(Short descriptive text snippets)
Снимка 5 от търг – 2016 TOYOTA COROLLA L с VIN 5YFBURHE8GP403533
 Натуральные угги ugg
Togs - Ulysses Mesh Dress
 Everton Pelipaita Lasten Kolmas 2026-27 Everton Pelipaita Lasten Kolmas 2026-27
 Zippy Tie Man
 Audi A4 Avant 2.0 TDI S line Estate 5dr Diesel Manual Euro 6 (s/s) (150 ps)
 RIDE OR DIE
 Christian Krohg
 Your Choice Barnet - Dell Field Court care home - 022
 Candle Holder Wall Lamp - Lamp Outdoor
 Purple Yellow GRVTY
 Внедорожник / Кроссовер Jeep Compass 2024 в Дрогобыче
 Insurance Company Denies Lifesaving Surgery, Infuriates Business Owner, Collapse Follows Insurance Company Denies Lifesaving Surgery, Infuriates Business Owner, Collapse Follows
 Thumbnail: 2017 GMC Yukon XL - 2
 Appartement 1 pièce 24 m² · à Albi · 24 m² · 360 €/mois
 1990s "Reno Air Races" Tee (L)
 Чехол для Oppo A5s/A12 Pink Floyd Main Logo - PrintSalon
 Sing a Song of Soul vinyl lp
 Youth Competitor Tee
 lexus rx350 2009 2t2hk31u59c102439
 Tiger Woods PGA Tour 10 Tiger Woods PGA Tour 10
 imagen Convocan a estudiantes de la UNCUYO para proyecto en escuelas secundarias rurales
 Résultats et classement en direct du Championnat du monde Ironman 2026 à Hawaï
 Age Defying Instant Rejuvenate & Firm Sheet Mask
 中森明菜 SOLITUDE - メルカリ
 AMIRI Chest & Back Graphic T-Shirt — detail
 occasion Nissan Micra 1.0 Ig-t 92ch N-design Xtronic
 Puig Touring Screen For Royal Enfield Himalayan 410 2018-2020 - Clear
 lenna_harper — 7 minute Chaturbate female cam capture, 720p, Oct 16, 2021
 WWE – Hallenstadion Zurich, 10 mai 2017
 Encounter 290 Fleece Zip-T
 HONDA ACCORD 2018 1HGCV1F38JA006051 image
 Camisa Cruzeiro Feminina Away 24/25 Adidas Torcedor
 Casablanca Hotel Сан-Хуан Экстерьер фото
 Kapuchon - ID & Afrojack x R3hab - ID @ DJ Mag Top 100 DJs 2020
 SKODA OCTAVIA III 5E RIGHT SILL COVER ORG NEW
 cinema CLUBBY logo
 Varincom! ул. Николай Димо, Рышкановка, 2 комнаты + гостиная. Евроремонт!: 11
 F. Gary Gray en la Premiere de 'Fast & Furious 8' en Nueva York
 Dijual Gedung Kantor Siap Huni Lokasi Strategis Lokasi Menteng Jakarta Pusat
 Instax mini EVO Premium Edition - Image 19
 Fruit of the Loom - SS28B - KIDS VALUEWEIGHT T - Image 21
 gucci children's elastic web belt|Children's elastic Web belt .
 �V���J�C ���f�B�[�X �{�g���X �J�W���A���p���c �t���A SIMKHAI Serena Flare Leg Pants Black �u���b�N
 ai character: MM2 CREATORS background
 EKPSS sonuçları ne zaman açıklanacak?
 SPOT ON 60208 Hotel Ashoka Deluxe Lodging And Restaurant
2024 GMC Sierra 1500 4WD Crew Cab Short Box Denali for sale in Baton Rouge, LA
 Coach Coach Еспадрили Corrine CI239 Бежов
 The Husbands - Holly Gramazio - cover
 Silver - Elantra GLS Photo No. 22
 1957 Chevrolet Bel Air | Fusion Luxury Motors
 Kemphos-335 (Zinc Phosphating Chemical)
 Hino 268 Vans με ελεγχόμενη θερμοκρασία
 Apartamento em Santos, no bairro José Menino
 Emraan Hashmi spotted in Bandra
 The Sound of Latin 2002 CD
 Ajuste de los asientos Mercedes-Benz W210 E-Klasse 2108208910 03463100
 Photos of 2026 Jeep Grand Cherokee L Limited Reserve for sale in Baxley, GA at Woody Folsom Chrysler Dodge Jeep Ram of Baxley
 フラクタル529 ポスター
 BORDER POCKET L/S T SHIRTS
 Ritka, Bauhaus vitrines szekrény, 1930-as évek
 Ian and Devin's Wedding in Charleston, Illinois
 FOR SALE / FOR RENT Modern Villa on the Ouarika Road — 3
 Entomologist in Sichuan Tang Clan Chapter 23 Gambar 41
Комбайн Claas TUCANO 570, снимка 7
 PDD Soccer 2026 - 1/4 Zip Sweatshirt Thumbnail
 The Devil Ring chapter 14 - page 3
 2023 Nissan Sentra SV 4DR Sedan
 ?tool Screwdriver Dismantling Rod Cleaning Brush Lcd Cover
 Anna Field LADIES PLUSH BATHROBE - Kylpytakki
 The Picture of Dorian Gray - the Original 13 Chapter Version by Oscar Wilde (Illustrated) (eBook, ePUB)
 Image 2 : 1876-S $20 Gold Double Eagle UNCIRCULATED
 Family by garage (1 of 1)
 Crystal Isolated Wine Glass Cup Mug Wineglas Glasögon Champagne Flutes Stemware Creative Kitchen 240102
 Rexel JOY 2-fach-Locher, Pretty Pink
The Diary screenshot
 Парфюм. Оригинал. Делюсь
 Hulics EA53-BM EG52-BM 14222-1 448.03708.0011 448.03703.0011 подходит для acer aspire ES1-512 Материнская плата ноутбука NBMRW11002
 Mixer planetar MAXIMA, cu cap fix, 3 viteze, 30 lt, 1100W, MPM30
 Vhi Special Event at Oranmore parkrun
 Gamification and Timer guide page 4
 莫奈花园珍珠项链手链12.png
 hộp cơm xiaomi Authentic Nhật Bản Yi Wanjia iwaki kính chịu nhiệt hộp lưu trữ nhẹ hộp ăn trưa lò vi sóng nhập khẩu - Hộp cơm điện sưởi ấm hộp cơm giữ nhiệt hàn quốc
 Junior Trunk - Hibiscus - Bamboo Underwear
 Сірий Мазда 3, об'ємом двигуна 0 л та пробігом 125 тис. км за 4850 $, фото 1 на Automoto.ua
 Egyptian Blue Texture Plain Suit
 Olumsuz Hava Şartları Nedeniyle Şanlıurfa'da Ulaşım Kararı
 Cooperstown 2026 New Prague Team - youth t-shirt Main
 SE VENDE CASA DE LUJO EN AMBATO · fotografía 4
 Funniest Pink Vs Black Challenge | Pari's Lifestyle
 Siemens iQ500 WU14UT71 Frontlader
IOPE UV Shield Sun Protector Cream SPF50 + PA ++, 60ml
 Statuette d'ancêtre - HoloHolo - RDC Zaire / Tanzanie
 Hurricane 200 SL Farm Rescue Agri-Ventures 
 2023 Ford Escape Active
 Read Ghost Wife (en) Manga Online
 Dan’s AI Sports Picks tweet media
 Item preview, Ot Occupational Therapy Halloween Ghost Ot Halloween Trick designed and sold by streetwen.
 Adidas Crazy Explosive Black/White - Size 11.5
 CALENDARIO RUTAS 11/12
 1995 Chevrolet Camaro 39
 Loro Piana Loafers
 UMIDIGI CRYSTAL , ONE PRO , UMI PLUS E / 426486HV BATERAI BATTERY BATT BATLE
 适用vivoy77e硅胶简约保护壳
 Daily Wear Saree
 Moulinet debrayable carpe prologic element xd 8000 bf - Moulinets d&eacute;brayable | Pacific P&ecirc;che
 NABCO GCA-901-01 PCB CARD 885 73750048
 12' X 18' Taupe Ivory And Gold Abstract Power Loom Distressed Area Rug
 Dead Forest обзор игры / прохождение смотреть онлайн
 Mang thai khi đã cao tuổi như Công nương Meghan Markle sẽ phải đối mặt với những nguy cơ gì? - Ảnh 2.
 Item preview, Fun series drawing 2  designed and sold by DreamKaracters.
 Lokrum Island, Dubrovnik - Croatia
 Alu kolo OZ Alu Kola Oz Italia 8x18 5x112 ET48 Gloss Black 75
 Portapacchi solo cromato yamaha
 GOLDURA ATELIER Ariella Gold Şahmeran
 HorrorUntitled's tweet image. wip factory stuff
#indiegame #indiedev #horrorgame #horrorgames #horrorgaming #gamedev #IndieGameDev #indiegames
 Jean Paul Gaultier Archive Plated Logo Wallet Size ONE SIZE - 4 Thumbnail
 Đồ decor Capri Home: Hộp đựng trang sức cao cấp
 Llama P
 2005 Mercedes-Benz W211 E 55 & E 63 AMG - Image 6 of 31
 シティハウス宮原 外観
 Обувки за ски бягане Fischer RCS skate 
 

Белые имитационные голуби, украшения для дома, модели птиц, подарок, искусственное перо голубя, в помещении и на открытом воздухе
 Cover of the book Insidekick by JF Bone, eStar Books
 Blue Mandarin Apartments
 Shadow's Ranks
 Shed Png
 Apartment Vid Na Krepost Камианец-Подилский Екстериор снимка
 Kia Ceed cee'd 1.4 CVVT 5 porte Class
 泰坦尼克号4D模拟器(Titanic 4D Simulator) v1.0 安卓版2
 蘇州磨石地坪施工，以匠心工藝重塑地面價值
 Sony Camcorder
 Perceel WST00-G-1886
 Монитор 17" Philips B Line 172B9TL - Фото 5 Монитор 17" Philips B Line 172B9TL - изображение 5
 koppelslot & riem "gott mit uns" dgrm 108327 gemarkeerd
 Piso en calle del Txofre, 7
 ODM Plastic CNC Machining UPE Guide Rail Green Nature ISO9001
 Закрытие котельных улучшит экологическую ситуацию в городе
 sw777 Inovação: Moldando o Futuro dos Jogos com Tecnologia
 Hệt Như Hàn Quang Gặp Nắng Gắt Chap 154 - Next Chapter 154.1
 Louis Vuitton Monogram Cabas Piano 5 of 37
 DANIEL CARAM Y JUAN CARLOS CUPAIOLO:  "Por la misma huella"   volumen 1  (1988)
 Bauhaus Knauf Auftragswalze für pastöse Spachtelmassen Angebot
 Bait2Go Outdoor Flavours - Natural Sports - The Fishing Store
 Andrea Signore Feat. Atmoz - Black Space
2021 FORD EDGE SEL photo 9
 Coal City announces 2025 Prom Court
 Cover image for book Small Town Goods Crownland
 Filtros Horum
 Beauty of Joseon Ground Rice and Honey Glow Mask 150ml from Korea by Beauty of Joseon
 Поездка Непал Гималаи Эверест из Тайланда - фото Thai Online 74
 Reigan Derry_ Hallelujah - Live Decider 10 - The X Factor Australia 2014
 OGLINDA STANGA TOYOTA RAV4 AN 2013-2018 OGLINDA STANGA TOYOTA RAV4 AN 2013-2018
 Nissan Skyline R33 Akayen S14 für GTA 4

→ **BRIEF**
Where a line above contains the word "Mercedes", show that line.

→ **EXERCISE OUTPUT**
 Ajuste de los asientos Mercedes-Benz W210 E-Klasse 2108208910 03463100
 2005 Mercedes-Benz W211 E 55 & E 63 AMG - Image 6 of 31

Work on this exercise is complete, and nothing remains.